Nous savons tous combien il est difficile d’avoir une vue d’ensemble sur une politique éclatée, entre l’aide bilatérale, l’aide transitant par l’Union européenne et les programmes internationaux, surtout quand entrent en jeu de multiples opérateurs, publics et privés, précisément très peu contrôlés.

Après avoir mentionné les aspects positifs du texte, je relèverai quelques-unes de ses faiblesses, qui risquent d’en atténuer la portée.

Je pense, en particulier, à l’insuffisance des dispositions qui devraient être mises en œuvre pour lutter contre l’opacité des transactions financières dans ce secteur d’activité et contre l’évasion fiscale que pratiquent certaines entreprises. À cet égard, je regrette que les modalités d’utilisation par l’AFD des places financières dites « offshore » ne soient pas plus strictement encadrées.

Ces différents aspects posent concrètement la question d’un contrôle plus efficace des sociétés multinationales, a fortiori lorsque ces dernières sont soutenues par l’AFD, qui, soulignons-le, est en grande partie alimentée par de l’argent public.

Dans le même ordre d’idées, je regrette aussi que les références précises à la responsabilité fiscale, mais aussi sociale et environnementale des entreprises aient été diluées au sein de l’expression, beaucoup plus générale, de « responsabilité sociétale ».

Nous aurions également dû procéder à une véritable réorientation de la vocation de l’AFD, qui privilégie des prêts concessionnels et finance trop souvent des projets sur la base de la rentabilité qu’elle peut en attendre. Je souhaite que cette exigence trouve sa place dans le prochain contrat d’objectifs et de moyens qui sera signé entre l’État et l’AFD.

Enfin, l’absence de toute programmation financière dans le projet de loi handicape lourdement la possibilité de mettre en œuvre concrètement une politique d’aide au développement véritablement différente. Il est évident que, sans moyens financiers pour les réaliser, les objectifs et le cadre de travail fixés par le présent texte risquent fort de demeurer des vœux pieux !

Certes, les efforts à produire en faveur de l’aide au développement ne sont pas tous d’ordre financier, mais ils se mesurent aussi en grande partie à l’aune d’engagements concrets. Or la réalité est que notre pays ne cesse de réduire les budgets qu’il consacre à ce secteur.

Ces dernières années, parmi les engagements de l’AFD, le montant des prêts bonifiés et des subventions accordés était en baisse et celui des dons aux pays les plus pauvres, africains pour la plupart, connaissait une diminution, ainsi que s’en était d’ailleurs inquiétée notre commission dans un rapport budgétaire.

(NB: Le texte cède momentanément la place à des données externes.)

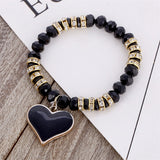 New Fashion Geometric Beaded Women Heart Bracelets Simple Stone Bead Charm Bracelets & Bangles For Women Jewelry Gift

Au final, s’il est pétri de bonnes intentions, le projet de loi laisse une impression d’occasions manquées : il ne procède pas à la profonde refonte de l’aide publique au développement que nous souhaitions tous à gauche. Cela dit, dans les limites que je viens d’indiquer, il présente des avancées que nous ne sous-estimons pas et que nous apprécions comme telles. Nous voterons donc le projet de loi d’orientation et de programmation relative à la politique de développement et de solidarité internationale, dans la rédaction proposée par la commission mixte paritaire.